How VA Can Complement CMS’s Efforts
If VA moves forward with the work described in this RFI, it will be pushing the envelope in terms of innovation around provider directory accuracy, directory data interoperability, and dynamic appointment scheduling. This directory-focused effort echoes VA’s innovations around Blue Button in the 2010s, which paved the way for broader patient access to data in the following decade (among Medicare FFS and private carriers participating in Medicare, Medicaid, and Exchange programs funded by CMS). If VA demonstrates success in provider directory, it can similarly pave a path for CMS and the broader industry for better directories.
1. Promote Use of Standards – As VA seeks directory data from TPAs, it should promote conformance with the Da Vinci Plan-Net FHIR Implementation Guide. That is, the TPAs responsible for the networks should expose directory data via FHIR standards to VA. When working with CCN provider systems, VA should encourage use of Argonaut IGs for provider directories and appointment scheduling. VA and its contractors would then be able to tap into FHIR APIs to interact with directories and appointments. Promoting these standards will accelerate industry alignment, reduce long-term maintenance costs, and mitigate vendor lock-in.
2. Reopen and Maintain Its Own Provider Directory API – VA previously published a Provider Directory API, but it has been offline due to policy constraints. Bringing this API back online would signal VA’s support for interoperability and open data, while allowing others to build on and validate VA’s directory data. VA should lead by example and make its own data transparent, so as to encourage other health systems to do so.

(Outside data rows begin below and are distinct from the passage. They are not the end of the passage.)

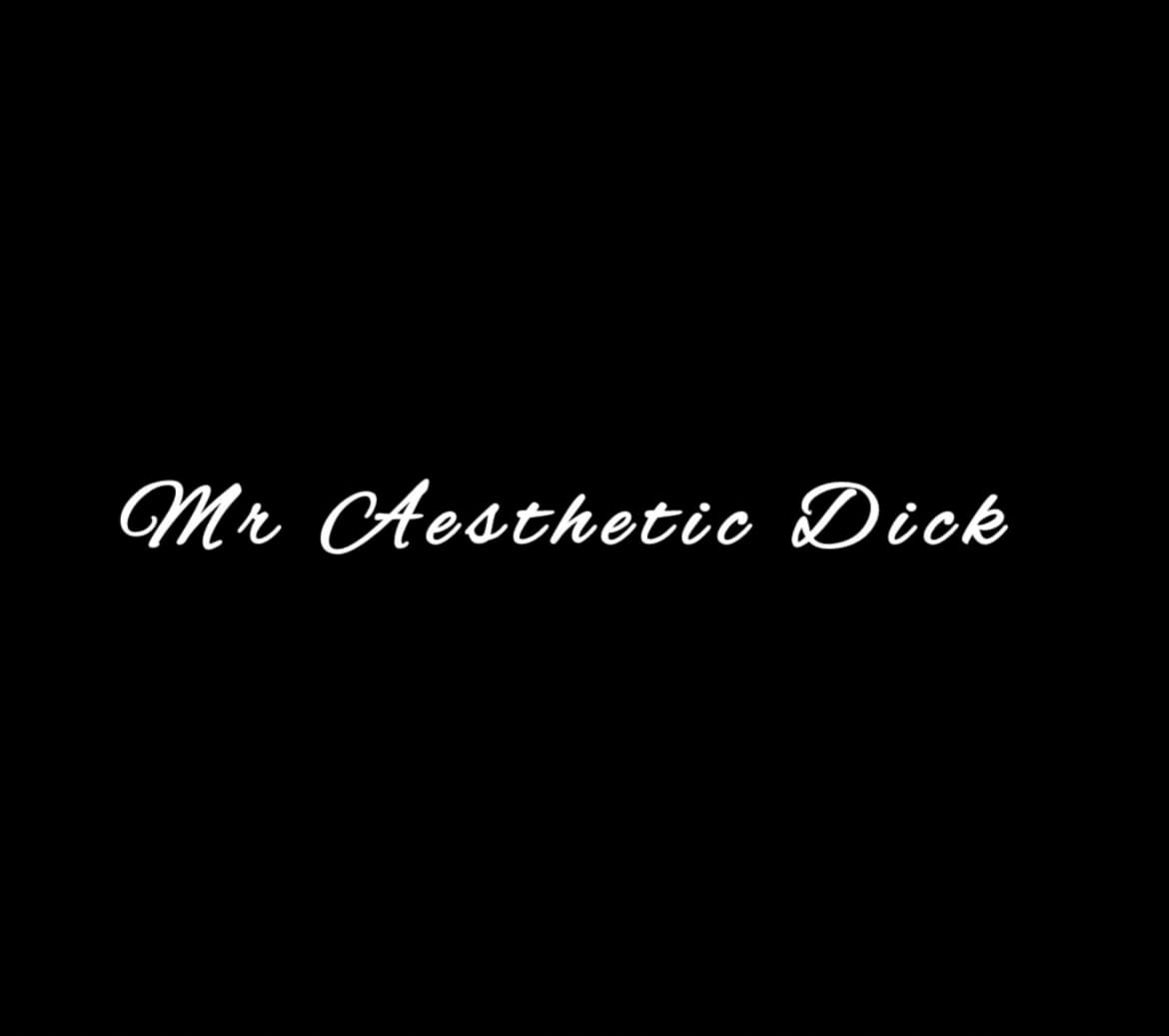 Mr Aesthetic Dick banner image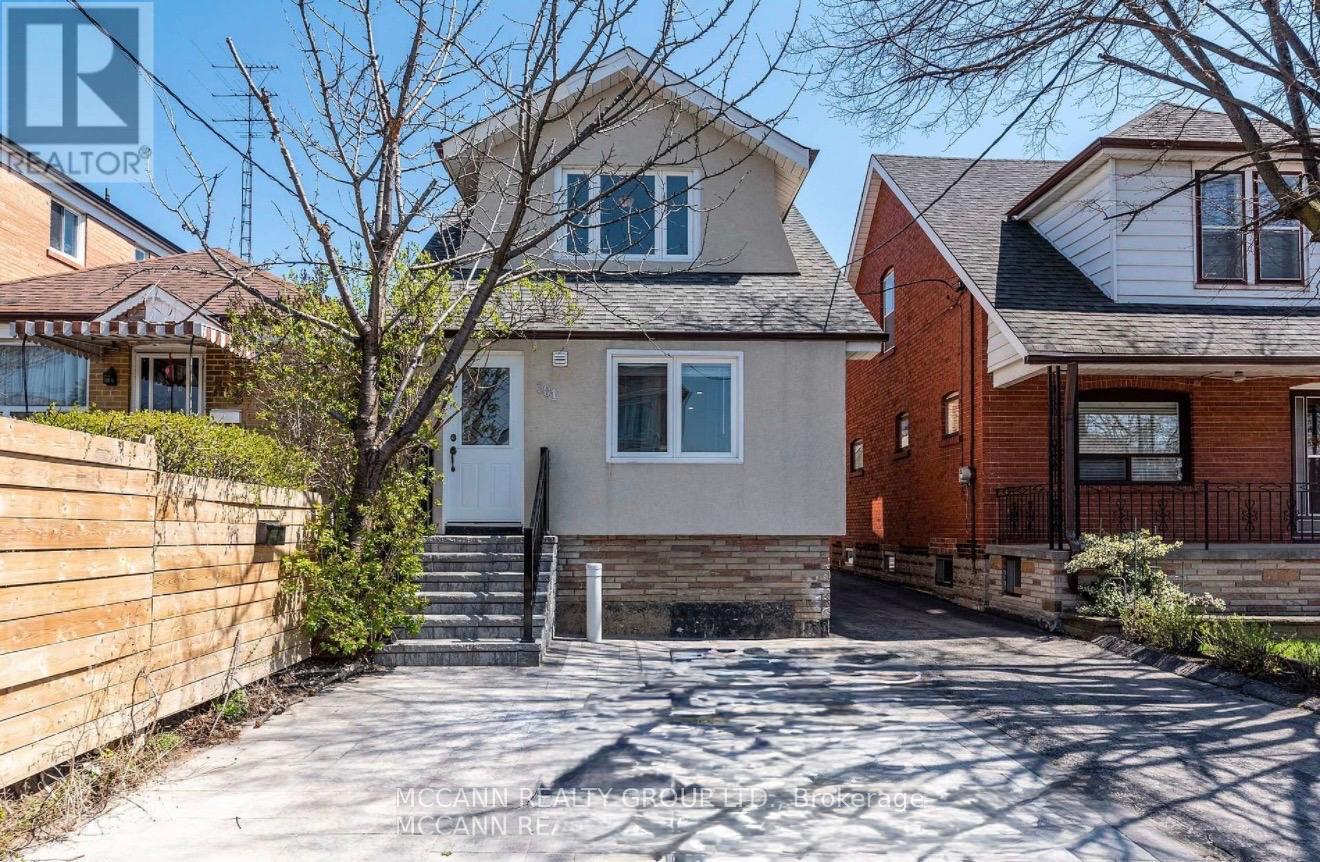 MAIN AND 2ND - 301 ROBINA AVENUE, Toronto, Ontario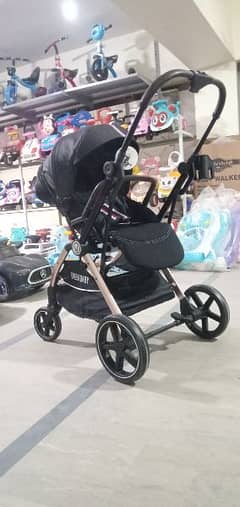 Imported Baby stroller pram best for New born 03216102931 0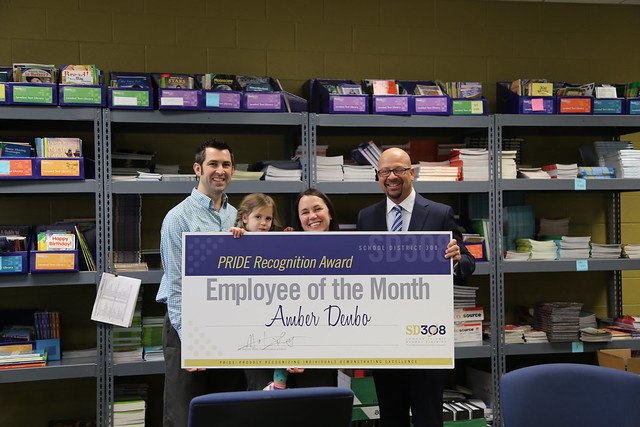 PRIDE Recognition Winners - February 2016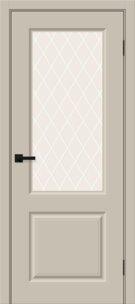 Межкомнатная дверь виниил Скинни-13 Cream Pro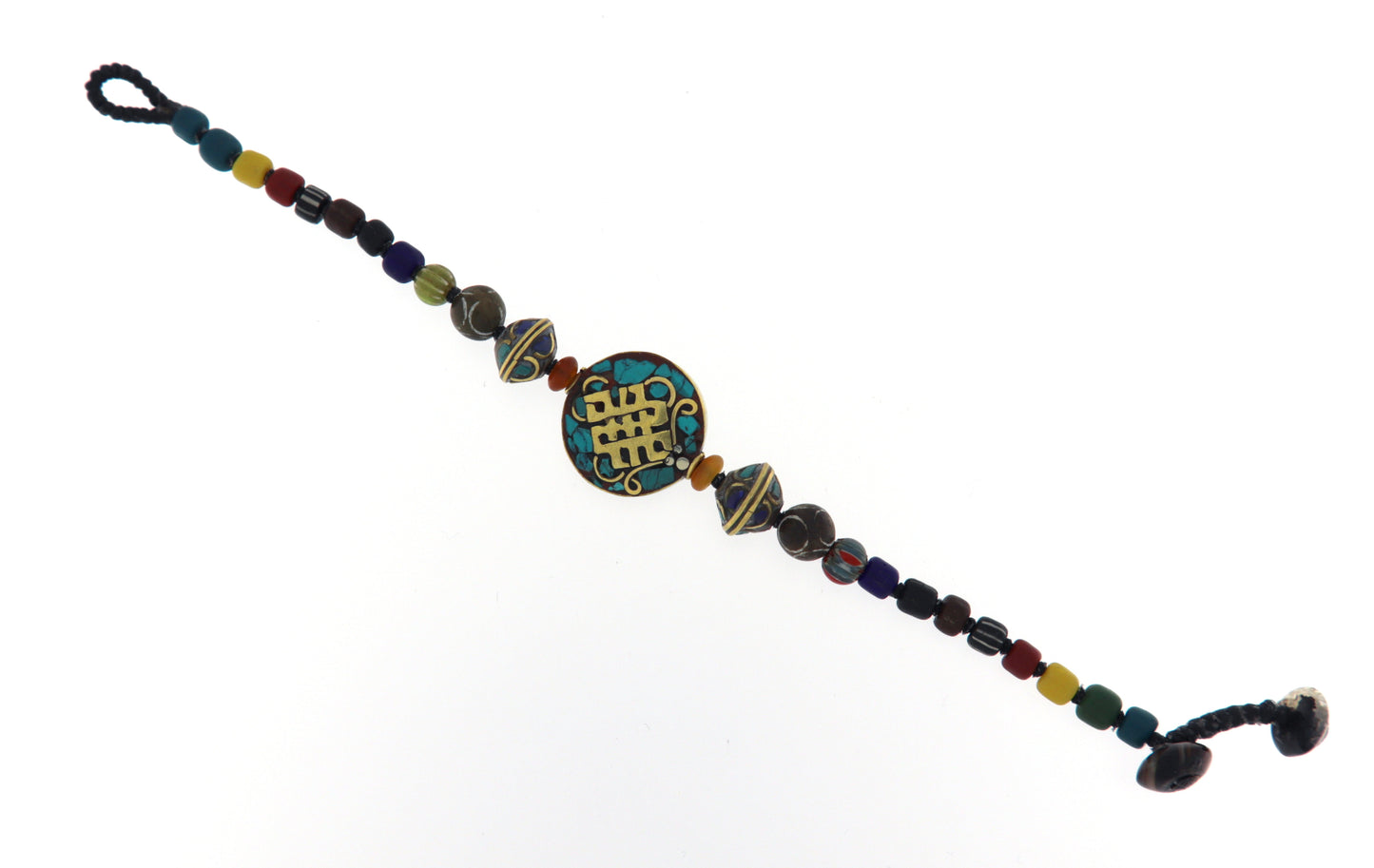 Bracciale in Pietra/Ottone WATARUN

3. Publish Appointment Scheduling Endpoints – VA could publish appointment scheduling endpoints for its own facilities and providers. This could enable innovation in Veteran access, especially in dynamic scheduling within VA facilities. This would serve as another successful reference implementation that private, non-VA health systems and providers could use as a model for surfacing their own scheduling endpoints.
4. Define “Accuracy” and How to Measure It – VA has stated a goal of achieving 90% data accuracy, which is a currently unachieved level within provider directories. VA also has not specified how accuracy should be measured. Defacto has seen multiple approaches: conformance with attested data, harmonization across internal systems, secret shopper audited data, and consensus scoring. VA should work with CMS to establish a shared, repeatable methodology for measuring accuracy that could become an industry standard.
5. Secondary Uses of Appointment Scheduling APIs – If providers expose standards-based scheduling APIs, this infrastructure could become a powerful tool beyond VA use cases. Appointment availability can serve as a proxy for provider directory accuracy: an indicator that a provider is seeing patients at a location and accepting new patients. This data could help payers clean up directories and support CMS in assessing access metrics without phone calls, laying the groundwork for availability-adjusted network adequacy standards.
The Case for Collaboration
Neither CMS nor VA needs to build for the other, but they should explore where their needs overlap, and identify common sense collaboration opportunities. Their goals are aligned, their networks overlap, and both stand to benefit from shared infrastructure and data. Even if they maintain separate systems, they can identify areas for joint work, such as standardizing accuracy definitions or exchanging data for accuracy verification. A coordinated federal approach would strengthen the entire health data ecosystem, lower administrative burden, and improve provider directory accuracy not just for Veterans or CMS beneficiaries, but for everyone.